### [Prompt]
Please, from the entries below, transcribe exactly the lines that begin at the line with "BRUBAKER Weihnachtspyramide Weihnachtspyramide" and end at the line with "Rentekammeret inntil 1814, Realistisk", without the pictures.
==== Listed entries ====
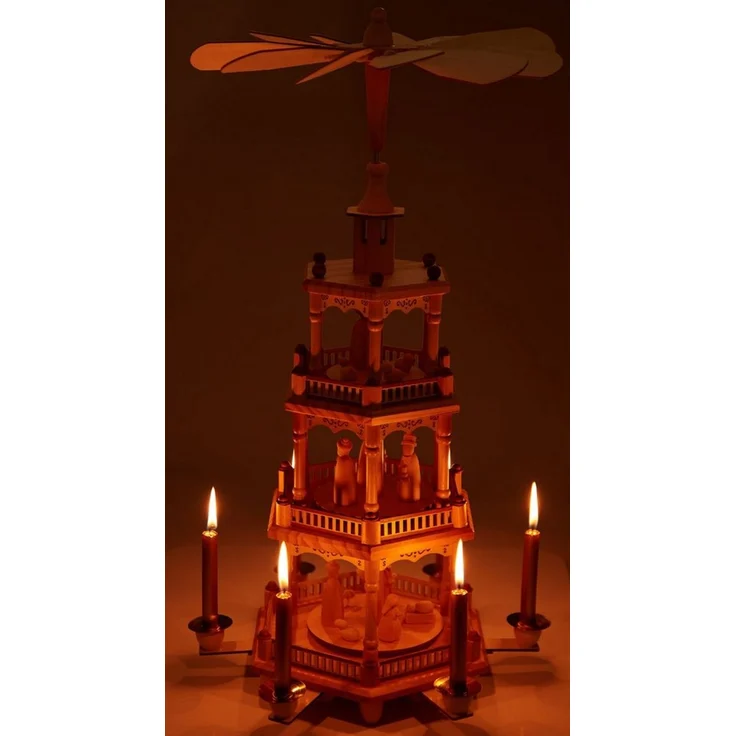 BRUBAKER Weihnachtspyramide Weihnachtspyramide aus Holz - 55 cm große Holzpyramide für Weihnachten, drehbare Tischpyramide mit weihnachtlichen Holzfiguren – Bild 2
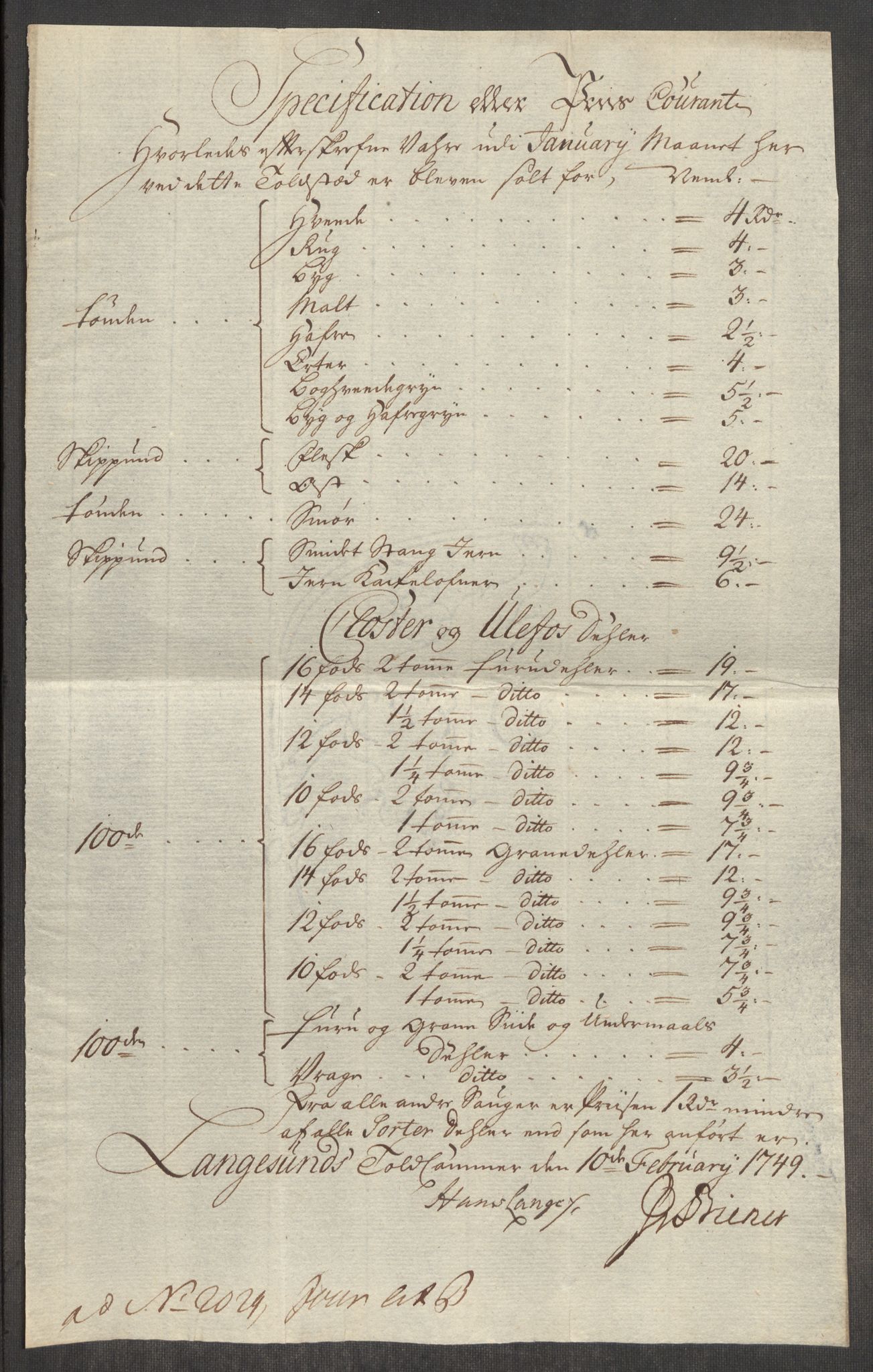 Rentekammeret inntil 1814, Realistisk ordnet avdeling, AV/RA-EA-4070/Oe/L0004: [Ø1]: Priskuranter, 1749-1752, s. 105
====
==== Listed entries ====
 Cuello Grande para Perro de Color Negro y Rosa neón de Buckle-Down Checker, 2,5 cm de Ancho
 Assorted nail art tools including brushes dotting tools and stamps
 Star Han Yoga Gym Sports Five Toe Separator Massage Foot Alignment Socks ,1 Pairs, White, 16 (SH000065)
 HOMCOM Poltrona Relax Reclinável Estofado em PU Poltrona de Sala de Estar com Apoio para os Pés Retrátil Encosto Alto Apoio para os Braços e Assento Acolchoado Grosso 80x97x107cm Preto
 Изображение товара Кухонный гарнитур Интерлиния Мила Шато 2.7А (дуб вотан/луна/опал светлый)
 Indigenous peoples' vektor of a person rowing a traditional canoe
====
==== Listed entries ====
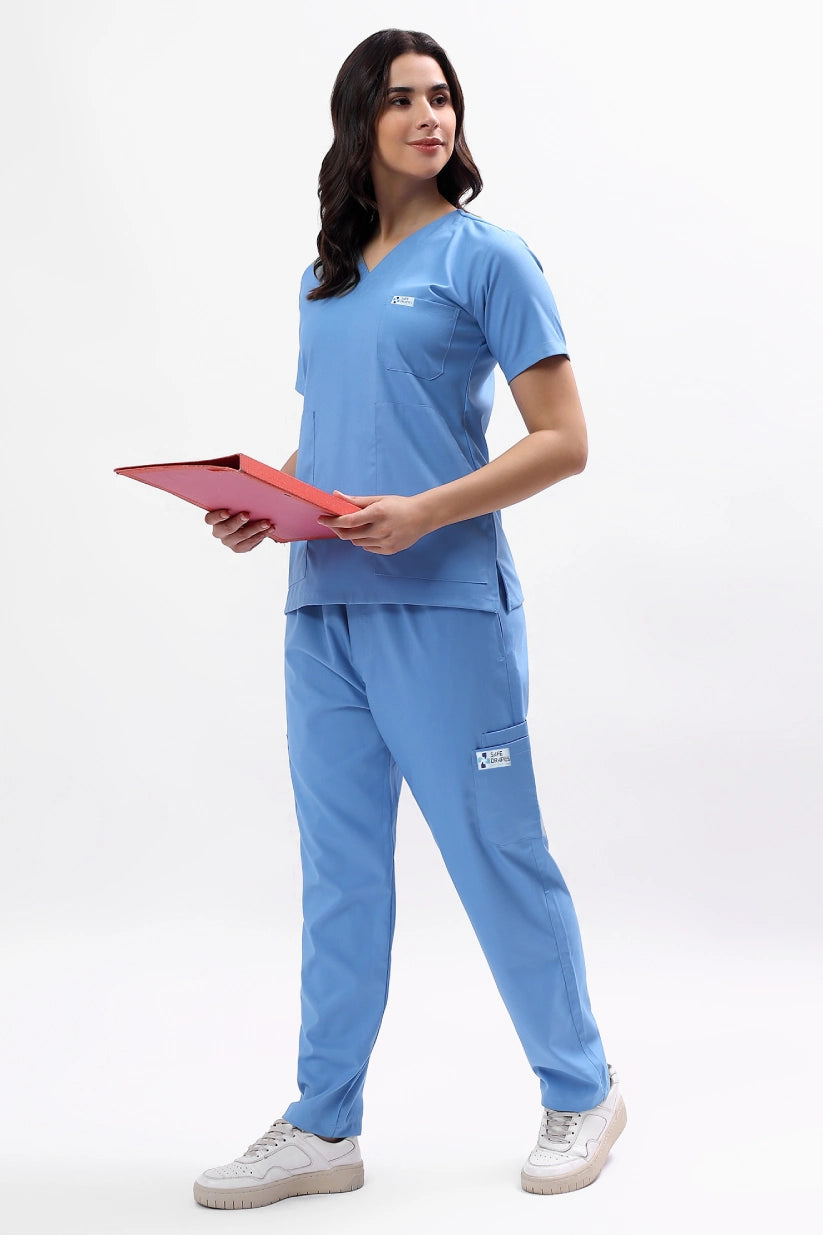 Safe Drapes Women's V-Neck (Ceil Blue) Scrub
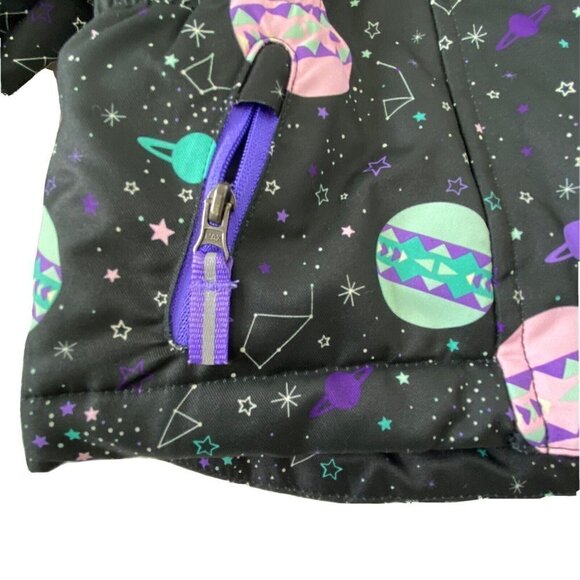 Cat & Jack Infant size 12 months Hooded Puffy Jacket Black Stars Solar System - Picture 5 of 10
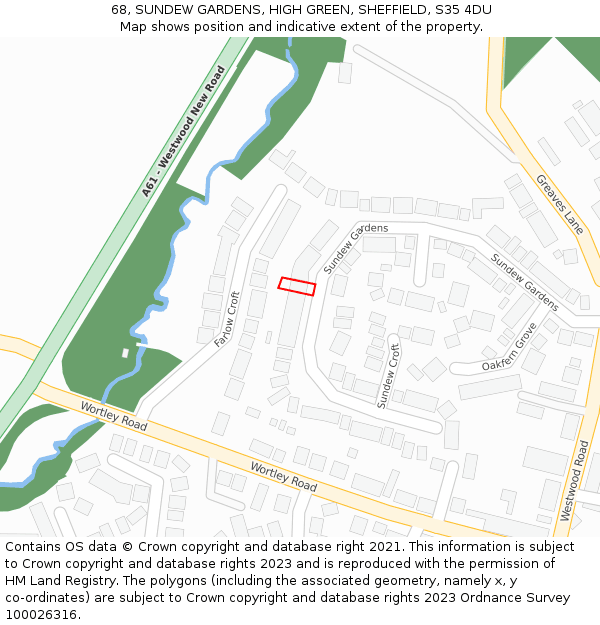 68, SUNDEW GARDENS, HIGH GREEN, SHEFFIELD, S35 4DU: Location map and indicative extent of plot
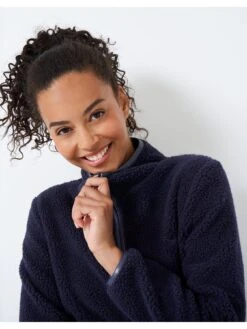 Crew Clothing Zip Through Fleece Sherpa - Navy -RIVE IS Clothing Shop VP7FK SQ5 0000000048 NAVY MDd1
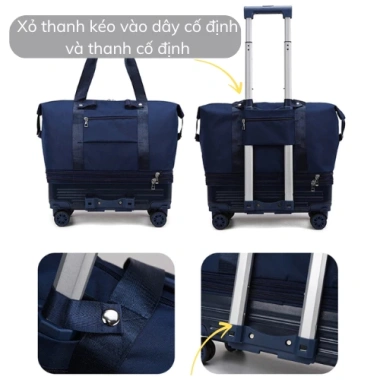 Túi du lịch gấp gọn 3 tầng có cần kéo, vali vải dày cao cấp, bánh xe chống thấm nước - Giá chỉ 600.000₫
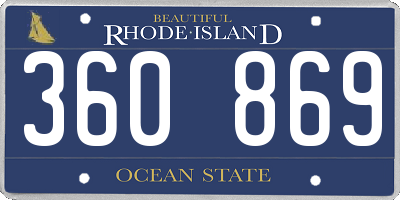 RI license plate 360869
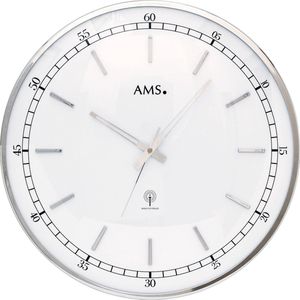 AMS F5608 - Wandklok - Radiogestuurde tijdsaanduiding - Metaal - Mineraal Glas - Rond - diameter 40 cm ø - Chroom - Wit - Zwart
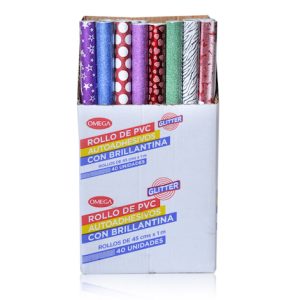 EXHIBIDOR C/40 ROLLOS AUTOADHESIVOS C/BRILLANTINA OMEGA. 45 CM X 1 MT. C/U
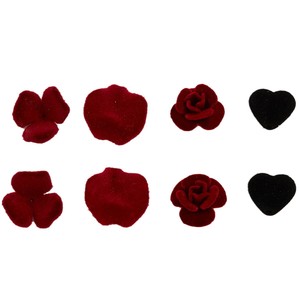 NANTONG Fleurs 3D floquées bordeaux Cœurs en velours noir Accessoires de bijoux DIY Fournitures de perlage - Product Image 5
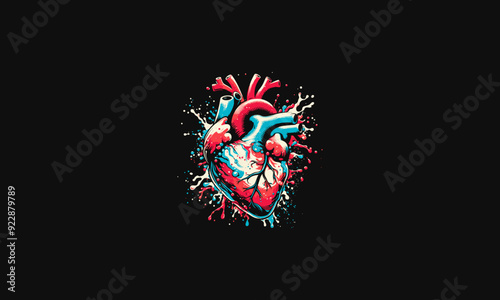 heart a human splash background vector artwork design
====
### [Result of the task]
 BRUBAKER Weihnachtspyramide Weihnachtspyramide aus Holz - 55 cm große Holzpyramide für Weihnachten, drehbare Tischpyramide mit weihnachtlichen Holzfiguren – Bild 2
 Rentekammeret inntil 1814, Realistisk ordnet avdeling, AV/RA-EA-4070/Oe/L0004: [Ø1]: Priskuranter, 1749-1752, s. 105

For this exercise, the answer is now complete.